Inquiry about 'for' loop syntax when using references

OSuwaidi · April 9, 2024, 9:15pm

Hello, I’m quite new to Zig and I’ trying to understand why the * prefix is necessary in |*i| to make a pointer capture value when looping over a reference to an iterable in a for loop:

    const arr = [_]u8{1, 2, 3};
    for (&arr) |*i| {
        // "i" here is a pointer that can be deferenced via: "i.*"
        }

because when looping by reference (&), I expected the loop variable i to be a pointer directly (without the * prefix).

Also interestingly, the type of i in both:
1.) for (arr) |i| {}
2.) for (&arr) |i| {}

is the same (a u8), whereas I expected the second case to involve a pointer.

Could someone please shed some light or intuition on why that is the case?

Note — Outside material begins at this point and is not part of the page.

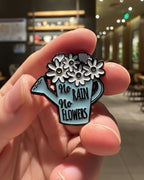 SĒK Apparel No Rain, No Flowers enamel pin — blue pin with watering can and floral illustration and 'No Rain No Flowers' text, faith-inspired Christian encouragement lapel pin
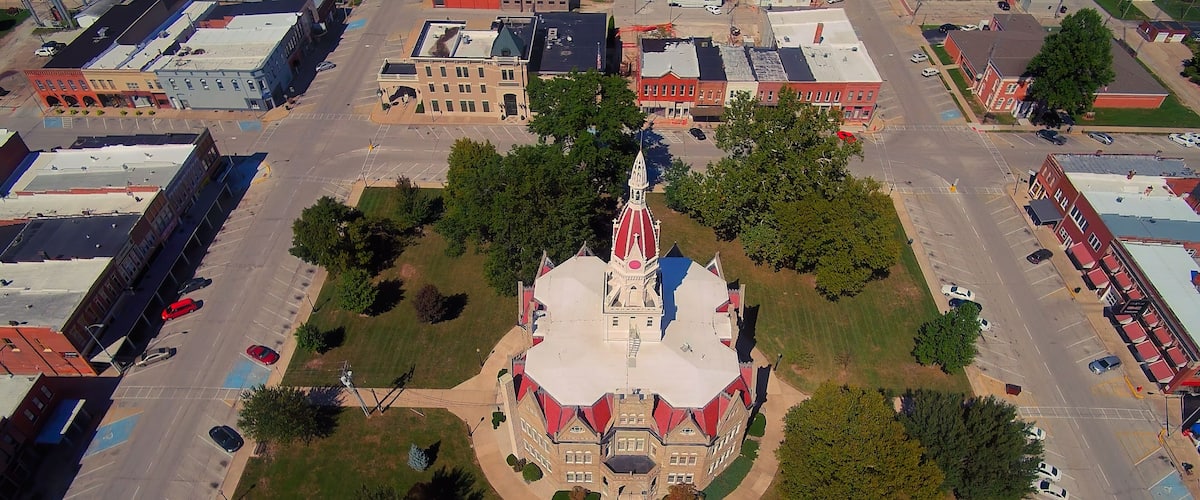An aerial view of a town with a prominent church featuring a red and white steeple, surrounded by green spaces and intersecting roads.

AndrewCodeDev · April 9, 2024, 9:50pm

Hey @OSuwaidi - welcome to Ziggit

The &arr syntax refers to the array itself, not to the items in the array - you are capturing the array by pointer and then unpacking each element by value. That’s why they’re the same.

dude_the_builder · April 9, 2024, 10:11pm

If you’re coming from Rust, I can understand why you would expect looping over a pointer to an array to produce pointers to the items; that’s exactly what Rust does. But in Zig it helps to think about the capture here |i| or |*i| as how you define function parameters fn foo(i: u8) versus fn foo(i: *u8). You are controlling whether you want to mutate the item or not just as you control whether you want to mutate a passed-in argument to a function or not.

pierrelgol · April 10, 2024, 9:15am

I think one of the reason why is explicitness. One of Zig’s goal is to be very explicit, in one of Andrew’s demo he actually start by making his audience read and debug some meta-programming in Zig, which is notoriously one of the hardest part of any language and he does make a point that explicit syntax can help people interact with a language. Now for the for loop capture syntax, it might feel a bit odd at first, but let’s take a quick example :

pub fn foo(objects: String) void {
    for (objects) |obj| {
        // do stuff
    }
}

pub fn bar(objects: String) void {
    for (&objects) |*obj| {
        // do stuff
    }
}

In this example where you don 't use an explicit syntax for your iteration, unless you know the definition of “String” you don’t know if you are iterating over a copy, or if you are modifying the source “objects” collection. Whereas in the second example it’s more obvious to the naked eye that you are taking a pointer which probably means you are modifying the content itself.

nyc · April 10, 2024, 9:46pm

But there are 4 ways to write that and while those two seem clear, the other two ways then just as confusing. How would these differ from those?

 for (&objects) |obj|
 for (objects) |*obj|

AndrewCodeDev · April 10, 2024, 10:29pm

The confusion here is arising about why we’d use &something at all.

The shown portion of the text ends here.